European settlements in the lower Thames Valley have existed for just under a hundred years. Before 1870 the only inhabitants of this area were Maoris of the Ngati Maru tribe at Kerepehi. Their lands included the whole of the southern portion of the Coromandel Peninsula, with notable pas at Tararu, Puru and Manaia. It was customary for the tribes to migrate during the summer to "camps" established along the river, where they lived in scattered communities of raupo whares. Food was plentiful and varied; bush fruits, Kiekie, wild pig, eels, pigeons and duck (grey, brown and teal). The arrival of as many as twenty canoes, moving up the river in line, was an unforgettable scene. A few drew into the various camps and there the canoes lay tethered at the waters edge. Later, corn and potatoes were added to the kumera crops already grown. The ripened corn was packed behind small weirs in the side creeks to soften (probably to ferment slightly too, as the smell of the cooking corn pervaded the atmosphere for a considerable distance around).

The river was the way in. One of the earliest settlements by Europeans on the Waihou was at Turua, during the late 1870s when the five Bagnall brothers from Nova Scotia began a timber mill sending kahikatea by boat to Auckland and directly to Australia. At one time there were three, perhaps four, three-masted barques trading directly across the Tasman. Other mills were at Kopu (Gibbins and Co.) and at Junction Road, Paeroa (Forrest's).

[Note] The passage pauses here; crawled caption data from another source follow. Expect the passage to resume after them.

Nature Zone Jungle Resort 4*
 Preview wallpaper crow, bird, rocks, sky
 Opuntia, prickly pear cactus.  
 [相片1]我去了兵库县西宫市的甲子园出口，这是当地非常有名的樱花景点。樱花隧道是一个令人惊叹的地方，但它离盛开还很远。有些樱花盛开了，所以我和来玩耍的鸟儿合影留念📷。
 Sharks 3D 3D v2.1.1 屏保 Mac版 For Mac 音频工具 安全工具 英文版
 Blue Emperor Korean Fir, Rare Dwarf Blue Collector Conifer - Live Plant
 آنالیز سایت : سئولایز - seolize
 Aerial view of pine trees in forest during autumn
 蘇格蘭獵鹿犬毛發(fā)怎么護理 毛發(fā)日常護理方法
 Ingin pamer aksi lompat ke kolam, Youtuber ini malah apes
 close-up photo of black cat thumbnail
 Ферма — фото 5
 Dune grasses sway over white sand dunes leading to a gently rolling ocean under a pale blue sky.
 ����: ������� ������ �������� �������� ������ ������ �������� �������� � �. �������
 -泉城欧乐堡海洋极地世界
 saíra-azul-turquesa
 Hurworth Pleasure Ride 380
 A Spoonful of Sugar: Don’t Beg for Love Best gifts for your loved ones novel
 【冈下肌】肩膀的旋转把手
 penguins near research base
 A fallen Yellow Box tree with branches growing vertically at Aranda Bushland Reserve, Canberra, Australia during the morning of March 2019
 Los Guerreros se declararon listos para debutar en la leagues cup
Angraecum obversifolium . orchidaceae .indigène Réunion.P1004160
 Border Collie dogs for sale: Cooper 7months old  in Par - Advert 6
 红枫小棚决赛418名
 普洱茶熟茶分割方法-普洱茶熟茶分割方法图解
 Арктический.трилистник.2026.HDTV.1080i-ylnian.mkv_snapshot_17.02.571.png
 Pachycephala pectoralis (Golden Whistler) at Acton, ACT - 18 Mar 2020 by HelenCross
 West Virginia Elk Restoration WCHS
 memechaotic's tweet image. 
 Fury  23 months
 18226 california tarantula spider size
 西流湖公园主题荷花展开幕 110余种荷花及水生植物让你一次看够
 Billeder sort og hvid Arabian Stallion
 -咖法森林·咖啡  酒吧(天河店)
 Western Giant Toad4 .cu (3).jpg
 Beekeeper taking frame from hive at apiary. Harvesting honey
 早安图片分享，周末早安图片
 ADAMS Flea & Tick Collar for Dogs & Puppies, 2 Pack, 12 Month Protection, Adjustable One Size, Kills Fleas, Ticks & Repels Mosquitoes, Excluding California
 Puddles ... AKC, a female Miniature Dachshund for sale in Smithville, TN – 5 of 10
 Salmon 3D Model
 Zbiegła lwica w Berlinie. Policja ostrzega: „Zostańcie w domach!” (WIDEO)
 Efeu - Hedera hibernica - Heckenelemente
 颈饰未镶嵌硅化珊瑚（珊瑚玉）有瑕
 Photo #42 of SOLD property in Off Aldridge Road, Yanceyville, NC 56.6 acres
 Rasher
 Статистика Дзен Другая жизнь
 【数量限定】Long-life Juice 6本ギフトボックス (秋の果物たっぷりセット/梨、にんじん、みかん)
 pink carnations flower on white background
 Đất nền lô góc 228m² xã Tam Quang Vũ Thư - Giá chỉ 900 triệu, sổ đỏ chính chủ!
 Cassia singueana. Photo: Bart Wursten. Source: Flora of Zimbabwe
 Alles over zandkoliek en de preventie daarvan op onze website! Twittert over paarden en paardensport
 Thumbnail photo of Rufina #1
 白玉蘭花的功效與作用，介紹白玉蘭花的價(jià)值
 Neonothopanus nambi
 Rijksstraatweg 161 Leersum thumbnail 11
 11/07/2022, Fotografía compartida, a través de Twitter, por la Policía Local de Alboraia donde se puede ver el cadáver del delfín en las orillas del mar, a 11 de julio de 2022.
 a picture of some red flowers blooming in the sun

It was timber that first brought men to this district. Two camps of about seventy men each were established to cut for Bagnalls, one about where Geo. Sarjant's place is and the other about Puke Bridge. The bush in its virgin state was particularly dense, being impenetrable to anyone not armed with a hook. As felling moved back from the river, tracks of iron rails were laid with branched lines to the working areas. Of course there were no mechanical aids in those days except the famous timber jacks, with which a log would be eased out on to the "rolling road", thence by horse drawn trucks to leading bases at the Turua mill.

Very little use was ever made of bullocks in the bush here, only one team being remembered. Horses were stabled at the camps and were the special care, the pride and joy of the teamsters. Chaff was a prized commodity, and was in great demand. Main supplies were drawn through Thames from Auckland (later 100-150 acres of oats were grown locally).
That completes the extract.